Give the entries again exactly; drop the pictures.

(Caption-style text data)
*** Begin section ***

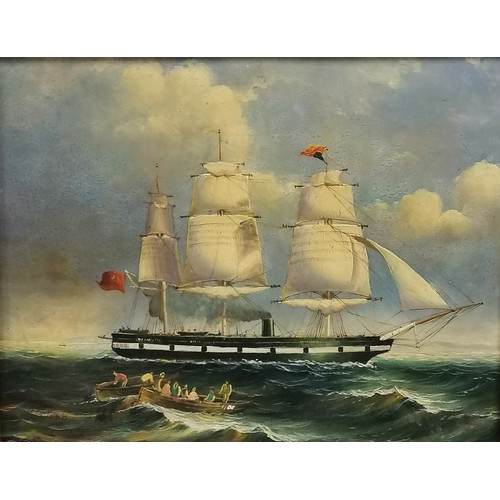 498 - Painting of a sailing ship in heavy gilt frame with annotation R A Borstel 1901 - 45cm x 50cm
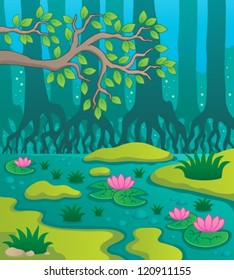 Swamp theme image 2 - vector illustration.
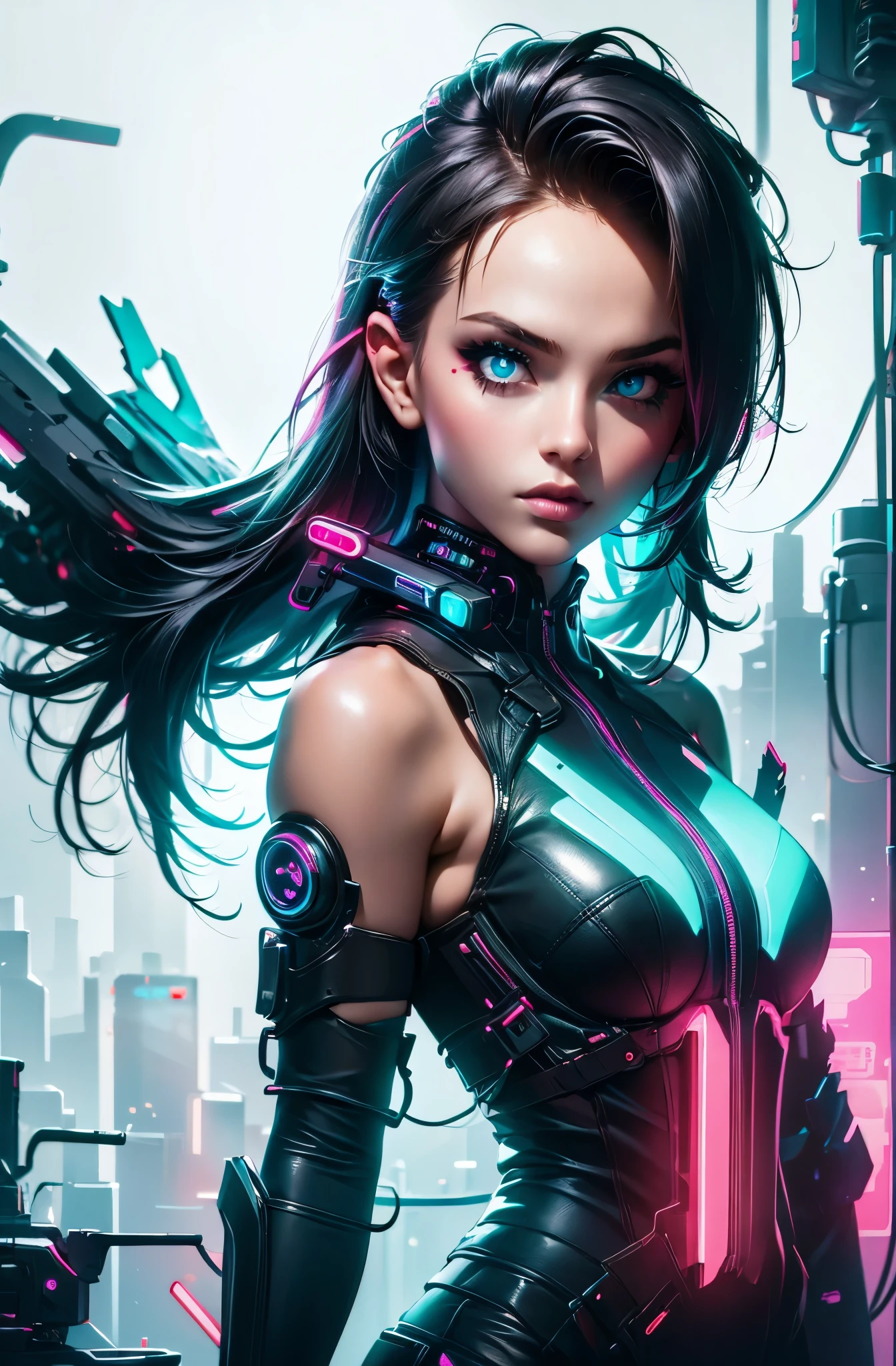 Cyberpunk girl, neon lights, simple background,
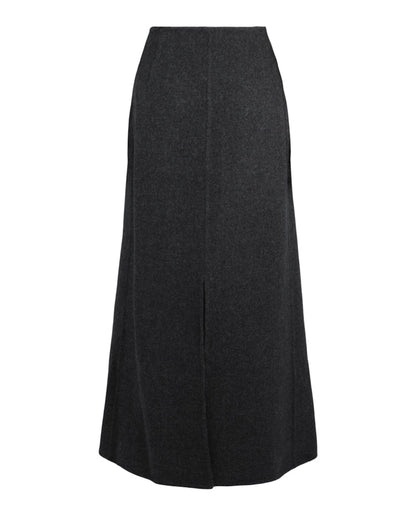 Givenchy Fold-Over Mid-Rise Wool-Blend Midi Skirt Dark Grey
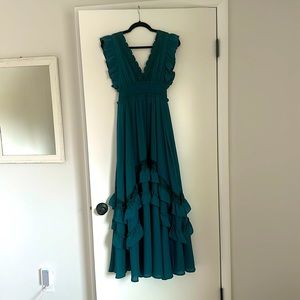 Baltic Born Maxi Dress, Teal, Lace, Flowy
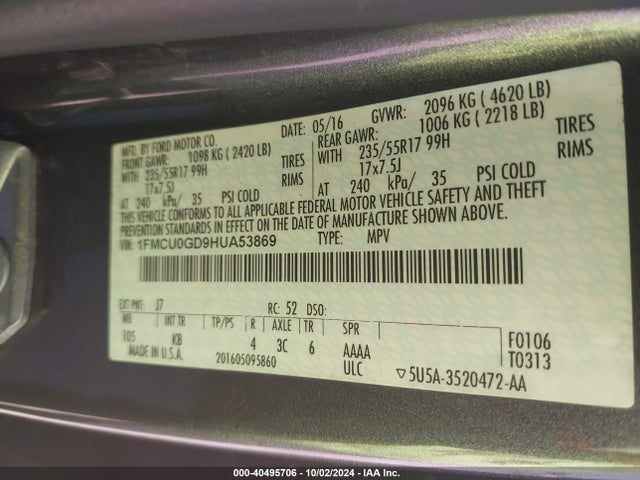 Ford ESCAPE SE 2017 1FMCU0GD9HUA53869 Image 9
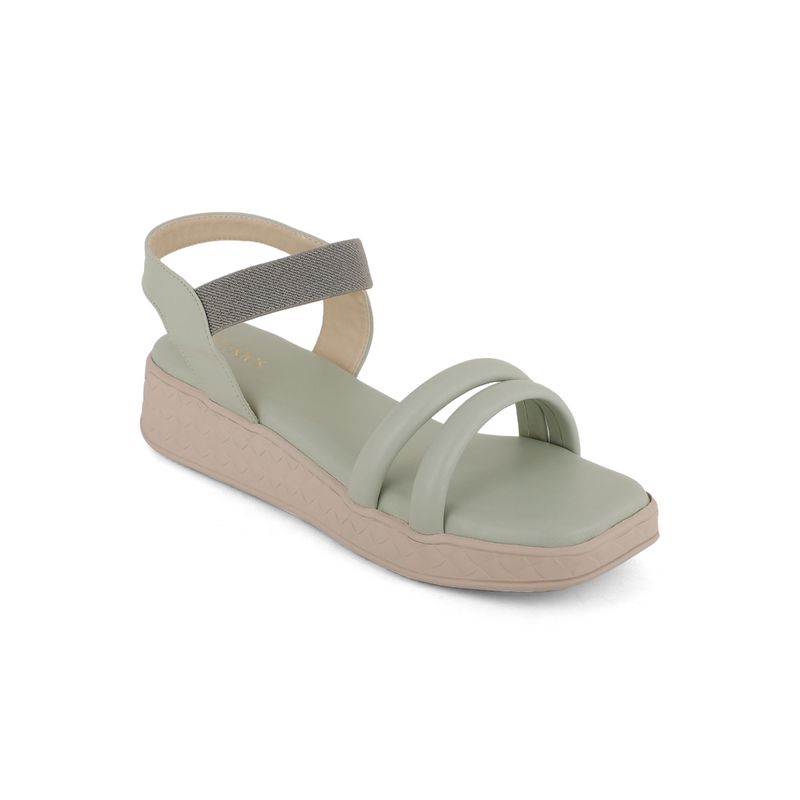 Iconics Pista Green Women Solid Sandals (EURO 36)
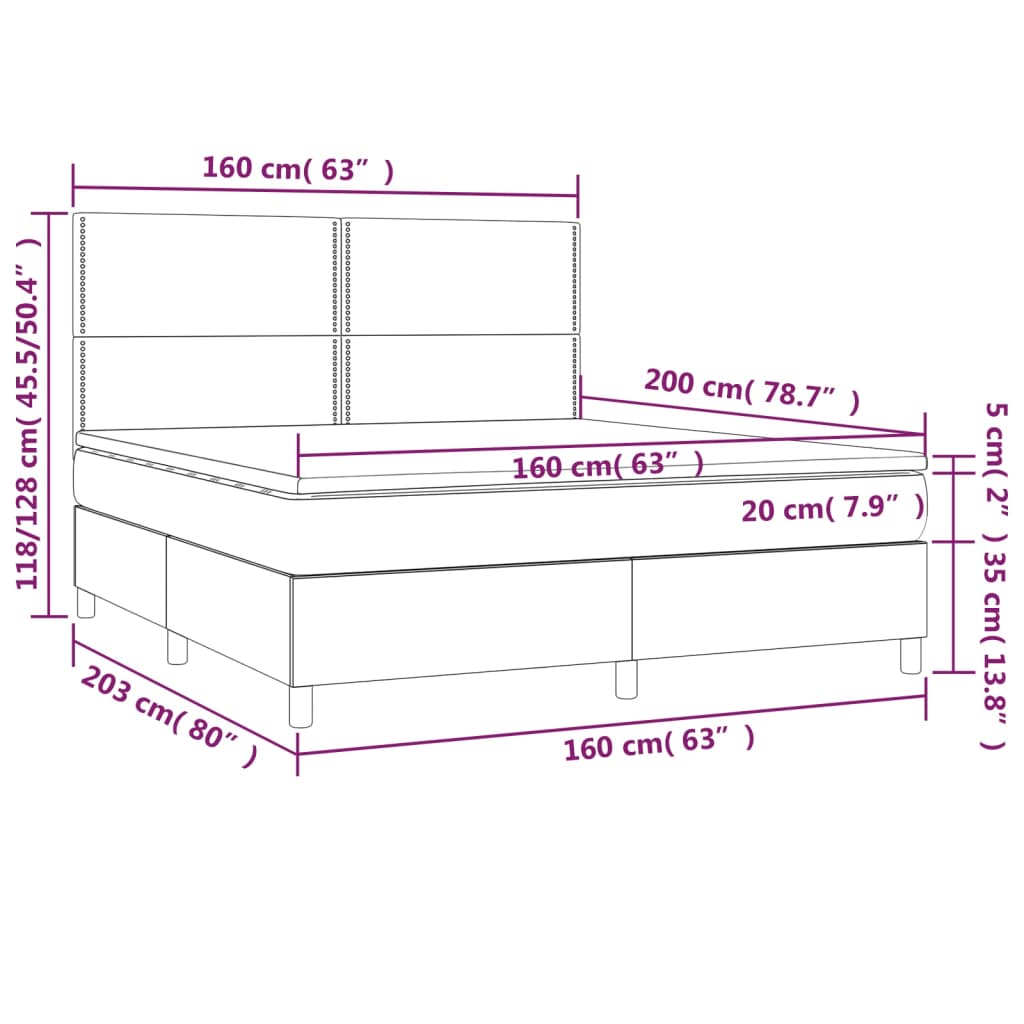 Boxspringbett mit Matratze & LED Schwarz 160x200 cm Samt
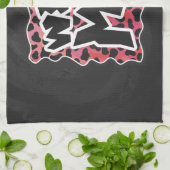 Dalmatian Black en Red met wilde mij Theedoek (Gevouwen)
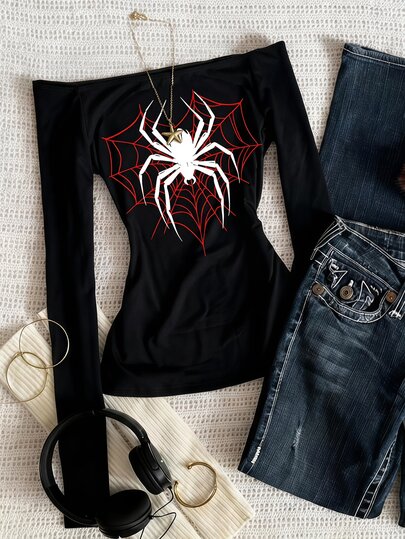 SHEIN Sparklyn Teen Girl Spider Pattern Casual Daily Wear T-Shirt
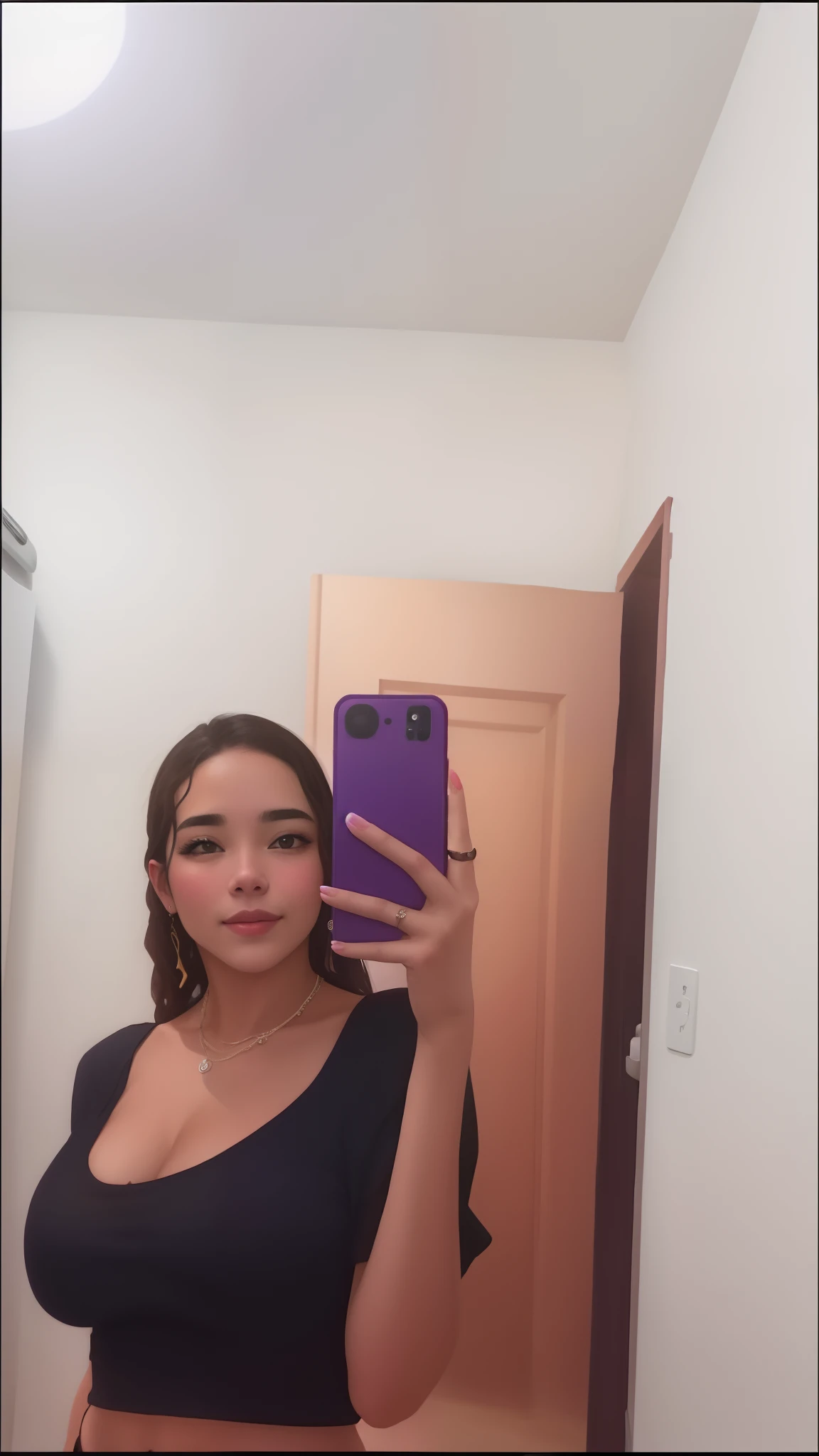 there is a woman taking a selfie in a mirror, low quality video, Filmagens de baixa qualidade, Tessa Thompson inspirada, taken in the early 2020s, fotografia de baixa qualidade, 🔞🤡, imagem de qualidade muito baixa, she's facing the camera, selfie de uma jovem mulher, Pose frontal, em torno de 1 9 anos, tiktok video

*** End section ***

## Written solution
 498 - Painting of a sailing ship in heavy gilt frame with annotation R A Borstel 1901 - 45cm x 50cm
 Swamp theme image 2 - vector illustration.
 Cyberpunk girl, neon lights, simple background,
 Givenchy Fold-Over Mid-Rise Wool-Blend Midi Skirt Dark Grey
 Baltic Born Maxi Dress, Teal, Lace, Flowy
 Ford ESCAPE SE 2017 1FMCU0GD9HUA53869 Image 9
 Iconics Pista Green Women Solid Sandals (EURO 36)
 Boxspringbett mit Matratze & LED Schwarz 160x200 cm Samt
 Dalmatian Black en Red met wilde mij Theedoek (Gevouwen)
 SHEIN Sparklyn Teen Girl Spider Pattern Casual Daily Wear T-Shirt
 there is a woman taking a selfie in a mirror, low quality video, Filmagens de baixa qualidade, Tessa Thompson inspirada, taken in the early 2020s, fotografia de baixa qualidade, 🔞🤡, imagem de qualidade muito baixa, she's facing the camera, selfie de uma jovem mulher, Pose frontal, em torno de 1 9 anos, tiktok video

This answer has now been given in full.